** The data **

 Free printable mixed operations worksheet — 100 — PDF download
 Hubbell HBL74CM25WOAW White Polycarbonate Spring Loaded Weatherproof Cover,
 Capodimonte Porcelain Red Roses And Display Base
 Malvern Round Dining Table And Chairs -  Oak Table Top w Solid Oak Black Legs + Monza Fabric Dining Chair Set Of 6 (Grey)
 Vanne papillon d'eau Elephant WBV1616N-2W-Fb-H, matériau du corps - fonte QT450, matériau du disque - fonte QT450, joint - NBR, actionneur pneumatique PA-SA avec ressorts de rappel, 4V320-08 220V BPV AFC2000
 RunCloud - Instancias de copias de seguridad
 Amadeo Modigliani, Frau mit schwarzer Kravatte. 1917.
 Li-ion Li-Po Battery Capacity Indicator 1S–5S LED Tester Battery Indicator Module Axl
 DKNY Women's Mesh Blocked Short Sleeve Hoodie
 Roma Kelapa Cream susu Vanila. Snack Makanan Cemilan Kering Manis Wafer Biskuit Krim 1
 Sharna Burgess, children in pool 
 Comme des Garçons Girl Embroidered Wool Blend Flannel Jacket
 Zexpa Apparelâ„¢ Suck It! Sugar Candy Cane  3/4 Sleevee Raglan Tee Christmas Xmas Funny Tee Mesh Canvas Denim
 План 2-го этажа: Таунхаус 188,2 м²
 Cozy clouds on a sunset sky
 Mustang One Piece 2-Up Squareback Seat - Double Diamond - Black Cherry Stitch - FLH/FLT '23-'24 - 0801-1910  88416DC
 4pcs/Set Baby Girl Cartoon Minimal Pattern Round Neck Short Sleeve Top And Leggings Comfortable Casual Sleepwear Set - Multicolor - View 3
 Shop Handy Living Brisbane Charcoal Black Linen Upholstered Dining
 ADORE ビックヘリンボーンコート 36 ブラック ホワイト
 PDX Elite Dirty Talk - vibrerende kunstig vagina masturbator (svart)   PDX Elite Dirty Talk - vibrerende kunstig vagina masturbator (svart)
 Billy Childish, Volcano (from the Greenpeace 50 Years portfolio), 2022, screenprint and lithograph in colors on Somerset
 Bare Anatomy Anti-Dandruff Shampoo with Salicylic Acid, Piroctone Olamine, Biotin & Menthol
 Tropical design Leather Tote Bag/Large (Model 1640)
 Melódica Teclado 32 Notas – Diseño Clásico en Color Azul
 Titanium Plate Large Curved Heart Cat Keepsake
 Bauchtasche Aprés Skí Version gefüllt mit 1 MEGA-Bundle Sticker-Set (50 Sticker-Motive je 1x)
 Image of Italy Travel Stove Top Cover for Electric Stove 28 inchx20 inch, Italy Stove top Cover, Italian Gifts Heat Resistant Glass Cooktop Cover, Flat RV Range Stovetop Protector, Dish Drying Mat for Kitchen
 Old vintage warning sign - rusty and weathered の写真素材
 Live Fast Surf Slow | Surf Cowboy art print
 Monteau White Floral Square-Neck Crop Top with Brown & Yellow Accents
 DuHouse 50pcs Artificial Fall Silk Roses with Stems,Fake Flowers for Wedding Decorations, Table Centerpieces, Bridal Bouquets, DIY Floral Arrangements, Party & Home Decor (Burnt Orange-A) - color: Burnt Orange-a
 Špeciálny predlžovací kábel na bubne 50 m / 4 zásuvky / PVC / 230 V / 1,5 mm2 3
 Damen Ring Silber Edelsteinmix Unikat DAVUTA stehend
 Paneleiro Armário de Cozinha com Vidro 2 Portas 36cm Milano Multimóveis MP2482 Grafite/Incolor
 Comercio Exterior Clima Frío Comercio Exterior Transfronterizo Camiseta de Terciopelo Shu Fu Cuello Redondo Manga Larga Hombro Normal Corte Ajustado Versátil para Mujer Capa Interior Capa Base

** Directions for this task **
Every line in the data above that contains the word "Roses" should be copied.

** Task output **
 Capodimonte Porcelain Red Roses And Display Base
 DuHouse 50pcs Artificial Fall Silk Roses with Stems,Fake Flowers for Wedding Decorations, Table Centerpieces, Bridal Bouquets, DIY Floral Arrangements, Party & Home Decor (Burnt Orange-A) - color: Burnt Orange-a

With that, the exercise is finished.